Mr. Thompson, the 50-year-old chief executive of UnitedHealthcare, the largest US health insurer, was shot dead outside a Manhattan hotel in the early evening of December 4, sparking a massive manhunt for the killer.
Mr. Mangione, 26, was arrested days later in Pennsylvania and taken to New York, where he faces both federal and state charges, including first-degree murder in furtherance of terrorism.
Investigators accuse him of targeted killing, pointing to evidence of a long-standing animosity toward the U.S. health care industry. On social media, support for Mr. Mangione was often accompanied by insults and complaints about the health insurance sector.
“For some time we have been concerned about the rhetoric on social media,” Mayorkas said on Sunday. “We have seen narratives of hate. We have seen stories of anti-government sentiment.
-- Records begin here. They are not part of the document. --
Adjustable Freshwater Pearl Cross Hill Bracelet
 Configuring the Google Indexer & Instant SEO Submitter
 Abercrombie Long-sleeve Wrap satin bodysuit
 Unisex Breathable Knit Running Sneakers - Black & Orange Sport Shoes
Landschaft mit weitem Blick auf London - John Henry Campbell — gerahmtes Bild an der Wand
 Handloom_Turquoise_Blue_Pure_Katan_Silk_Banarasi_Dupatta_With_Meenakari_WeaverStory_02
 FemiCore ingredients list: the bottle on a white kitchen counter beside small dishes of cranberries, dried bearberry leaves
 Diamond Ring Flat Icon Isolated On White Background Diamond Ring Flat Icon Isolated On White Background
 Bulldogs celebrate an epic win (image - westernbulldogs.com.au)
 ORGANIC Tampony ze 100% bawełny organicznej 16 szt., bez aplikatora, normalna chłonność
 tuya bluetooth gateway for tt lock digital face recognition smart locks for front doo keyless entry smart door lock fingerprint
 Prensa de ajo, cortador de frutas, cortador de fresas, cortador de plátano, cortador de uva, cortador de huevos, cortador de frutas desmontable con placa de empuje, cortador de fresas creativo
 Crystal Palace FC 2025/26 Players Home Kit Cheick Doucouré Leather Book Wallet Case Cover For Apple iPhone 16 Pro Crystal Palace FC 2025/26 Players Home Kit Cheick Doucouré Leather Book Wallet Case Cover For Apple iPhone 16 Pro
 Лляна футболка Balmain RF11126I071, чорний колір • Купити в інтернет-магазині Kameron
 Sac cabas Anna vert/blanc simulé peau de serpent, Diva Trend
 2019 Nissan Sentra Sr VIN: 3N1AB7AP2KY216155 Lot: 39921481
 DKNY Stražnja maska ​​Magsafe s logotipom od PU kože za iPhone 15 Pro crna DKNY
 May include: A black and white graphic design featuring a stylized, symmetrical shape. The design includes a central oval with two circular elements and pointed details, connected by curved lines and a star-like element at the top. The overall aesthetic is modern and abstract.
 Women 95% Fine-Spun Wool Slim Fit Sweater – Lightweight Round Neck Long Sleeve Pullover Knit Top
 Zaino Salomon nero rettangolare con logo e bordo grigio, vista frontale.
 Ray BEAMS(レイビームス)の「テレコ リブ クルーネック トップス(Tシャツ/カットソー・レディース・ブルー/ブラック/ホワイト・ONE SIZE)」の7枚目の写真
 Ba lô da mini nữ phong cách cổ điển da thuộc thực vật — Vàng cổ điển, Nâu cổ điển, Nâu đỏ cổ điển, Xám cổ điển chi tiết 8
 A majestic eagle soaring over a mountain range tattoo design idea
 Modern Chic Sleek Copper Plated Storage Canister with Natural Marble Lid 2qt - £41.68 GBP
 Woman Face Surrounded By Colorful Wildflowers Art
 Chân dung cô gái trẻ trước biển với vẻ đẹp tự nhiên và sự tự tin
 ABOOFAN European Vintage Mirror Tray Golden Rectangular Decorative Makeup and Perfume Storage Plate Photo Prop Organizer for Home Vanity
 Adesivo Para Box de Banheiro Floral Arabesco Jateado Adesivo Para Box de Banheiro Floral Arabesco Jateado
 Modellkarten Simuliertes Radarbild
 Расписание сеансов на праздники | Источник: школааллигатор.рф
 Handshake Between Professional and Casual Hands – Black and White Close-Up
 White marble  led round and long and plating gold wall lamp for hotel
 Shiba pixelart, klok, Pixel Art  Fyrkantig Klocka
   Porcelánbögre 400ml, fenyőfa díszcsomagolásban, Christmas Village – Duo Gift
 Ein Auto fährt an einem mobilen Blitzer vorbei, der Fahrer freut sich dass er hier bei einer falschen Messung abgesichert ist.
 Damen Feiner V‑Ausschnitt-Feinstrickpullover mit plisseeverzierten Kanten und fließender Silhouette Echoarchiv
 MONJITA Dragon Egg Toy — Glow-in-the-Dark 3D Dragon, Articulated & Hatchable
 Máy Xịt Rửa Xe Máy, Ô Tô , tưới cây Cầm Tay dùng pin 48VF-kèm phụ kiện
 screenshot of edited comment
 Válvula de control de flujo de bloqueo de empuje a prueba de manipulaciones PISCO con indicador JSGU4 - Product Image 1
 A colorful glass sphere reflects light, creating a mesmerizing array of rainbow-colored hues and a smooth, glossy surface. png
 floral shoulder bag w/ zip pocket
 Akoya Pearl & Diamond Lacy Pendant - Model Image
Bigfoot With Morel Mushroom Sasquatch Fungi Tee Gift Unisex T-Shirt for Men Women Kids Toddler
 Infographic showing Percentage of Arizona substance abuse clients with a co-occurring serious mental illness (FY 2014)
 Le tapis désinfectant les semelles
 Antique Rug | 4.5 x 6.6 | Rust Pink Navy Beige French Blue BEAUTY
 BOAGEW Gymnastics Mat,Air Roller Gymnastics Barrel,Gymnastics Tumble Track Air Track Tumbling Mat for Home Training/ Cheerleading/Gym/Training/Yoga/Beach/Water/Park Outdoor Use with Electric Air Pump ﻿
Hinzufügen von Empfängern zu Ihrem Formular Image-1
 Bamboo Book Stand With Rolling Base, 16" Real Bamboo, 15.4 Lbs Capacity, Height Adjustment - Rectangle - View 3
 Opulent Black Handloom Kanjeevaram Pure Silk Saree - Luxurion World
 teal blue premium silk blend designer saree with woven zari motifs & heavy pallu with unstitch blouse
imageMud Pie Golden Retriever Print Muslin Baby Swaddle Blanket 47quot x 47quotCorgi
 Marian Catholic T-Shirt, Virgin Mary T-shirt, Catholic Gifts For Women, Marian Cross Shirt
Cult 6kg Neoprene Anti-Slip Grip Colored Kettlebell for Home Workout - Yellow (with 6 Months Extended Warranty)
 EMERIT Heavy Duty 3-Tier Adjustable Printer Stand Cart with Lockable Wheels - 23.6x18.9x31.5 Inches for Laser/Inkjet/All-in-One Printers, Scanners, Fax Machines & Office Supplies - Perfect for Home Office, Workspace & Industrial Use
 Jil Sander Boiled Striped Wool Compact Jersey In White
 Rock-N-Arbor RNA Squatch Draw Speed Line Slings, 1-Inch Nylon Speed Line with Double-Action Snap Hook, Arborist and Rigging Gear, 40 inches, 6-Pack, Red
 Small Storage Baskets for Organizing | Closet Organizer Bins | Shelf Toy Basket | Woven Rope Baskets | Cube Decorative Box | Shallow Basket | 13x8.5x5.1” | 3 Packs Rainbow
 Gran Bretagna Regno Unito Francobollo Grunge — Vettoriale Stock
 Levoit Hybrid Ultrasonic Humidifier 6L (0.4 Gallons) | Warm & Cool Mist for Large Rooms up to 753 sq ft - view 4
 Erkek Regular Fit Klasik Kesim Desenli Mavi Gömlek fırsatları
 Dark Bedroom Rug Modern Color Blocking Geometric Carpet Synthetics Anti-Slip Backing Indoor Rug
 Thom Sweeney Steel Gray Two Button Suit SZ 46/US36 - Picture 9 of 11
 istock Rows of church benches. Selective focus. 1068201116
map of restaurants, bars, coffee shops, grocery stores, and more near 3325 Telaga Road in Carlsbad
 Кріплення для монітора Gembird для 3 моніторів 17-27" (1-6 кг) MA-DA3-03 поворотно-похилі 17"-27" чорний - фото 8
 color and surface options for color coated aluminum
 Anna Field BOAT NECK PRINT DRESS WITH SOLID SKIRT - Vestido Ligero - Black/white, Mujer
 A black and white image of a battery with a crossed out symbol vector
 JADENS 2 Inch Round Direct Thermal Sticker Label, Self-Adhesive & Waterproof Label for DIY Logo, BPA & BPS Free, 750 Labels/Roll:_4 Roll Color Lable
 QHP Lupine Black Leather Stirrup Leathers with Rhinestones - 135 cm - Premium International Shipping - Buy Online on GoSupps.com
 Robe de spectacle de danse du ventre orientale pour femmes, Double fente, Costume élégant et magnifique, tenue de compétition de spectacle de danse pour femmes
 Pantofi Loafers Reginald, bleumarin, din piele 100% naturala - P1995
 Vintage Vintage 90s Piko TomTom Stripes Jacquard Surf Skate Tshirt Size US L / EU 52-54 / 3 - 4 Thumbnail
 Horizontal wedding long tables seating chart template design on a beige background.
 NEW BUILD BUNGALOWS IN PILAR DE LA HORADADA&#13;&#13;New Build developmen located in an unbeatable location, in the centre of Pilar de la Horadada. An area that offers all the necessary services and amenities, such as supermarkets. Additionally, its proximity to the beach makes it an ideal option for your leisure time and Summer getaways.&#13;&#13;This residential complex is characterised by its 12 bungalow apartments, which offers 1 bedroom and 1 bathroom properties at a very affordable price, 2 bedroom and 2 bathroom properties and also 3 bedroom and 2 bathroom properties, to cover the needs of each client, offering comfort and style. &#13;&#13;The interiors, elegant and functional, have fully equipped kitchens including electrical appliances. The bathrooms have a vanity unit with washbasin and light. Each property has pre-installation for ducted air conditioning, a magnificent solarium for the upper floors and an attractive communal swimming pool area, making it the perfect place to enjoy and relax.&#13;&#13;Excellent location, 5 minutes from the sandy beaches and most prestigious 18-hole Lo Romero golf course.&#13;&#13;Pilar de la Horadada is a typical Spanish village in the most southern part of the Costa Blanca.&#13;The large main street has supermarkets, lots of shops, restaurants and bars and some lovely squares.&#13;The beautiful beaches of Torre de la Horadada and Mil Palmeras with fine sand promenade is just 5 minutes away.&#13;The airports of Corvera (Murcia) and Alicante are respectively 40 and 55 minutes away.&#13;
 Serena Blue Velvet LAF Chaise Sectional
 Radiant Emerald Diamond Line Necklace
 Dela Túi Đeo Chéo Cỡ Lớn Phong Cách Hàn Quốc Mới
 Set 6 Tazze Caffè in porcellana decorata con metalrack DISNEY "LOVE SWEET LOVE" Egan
We saw personal grievances in the language of violence.”
Mayorkas, whose Department of Homeland Security is partly responsible for protecting Americans from domestic terrorism, said his department sees a “wide range of narratives” that “drive some people to violence.”
“That’s something we’re very concerned about,” he said. “This is a high-risk environment.”
But the 65-year-old, whose time at the helm of the department ends next month, stressed that Mr Thompson’s killing was “the act of an individual (and) does not reflect the American public”.